Does the support for the Mistral Model seem inconsistent or incomplete with it official? #29533
Description
Feature request
Hello , thank you very much for creating the library transformers which provides a very convenient way to use the different models.
Recently, when I use Mistral Model by transformers (4.38.2) library to perform the model inference, the execution did not seem to be completely consistent with the official mistral papers and the code they provided.
Specifically, firstly the mistral have a Pre-fill and Chunking mechanism when prompt input encoding(As shown in the following picture). Is this method included in the transformers library's implementation of mistral's generate function?
Secondly, Mistral use a Rolling Buffer Cache mechanism to enable key values to be updated in the cache as the sliding window moves. (As shown in the following picture).
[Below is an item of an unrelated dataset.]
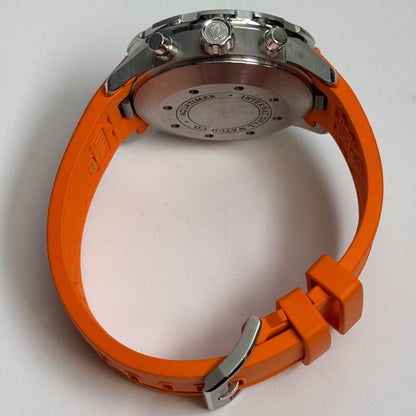 IWC Aquatimer 44mm Blue Dial Watch Ref# IW376704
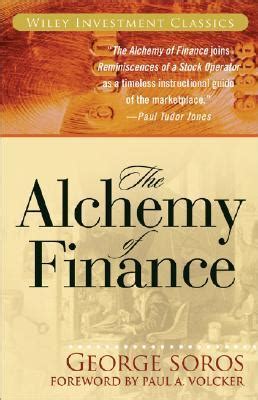 the alchemy of finance audiobook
When I read this piece of the transformers source code, this mechanism is implemented in the transformer library using the DynamicCache update method, and this operation is actually to concatenate all the past keys and values with the current keys and values. https://github.com/huggingface/transformers/blob/b338a6c3b8eda29610d4d472cad8cd87cbfdaaed/src/transformers/cache_utils.py#L126C1-L132C105
Am I mistaken in the logic of this program or is the implementation not fully consistent with the mistral paper? In addition, I read the official source code of mistral and found that they do release two kinds of model inference code, one of which is simple version. Is this your current implementation?
Motivation
I want to know how to use transformers library on the mistral model to achieve the same way as in mistral paper.
Whether I read the code wrong or do I need to make some additional changes based on transformer?
Your contribution
I can try fix this piece code to achieve the same implementation as in the mistral paper based on transformers.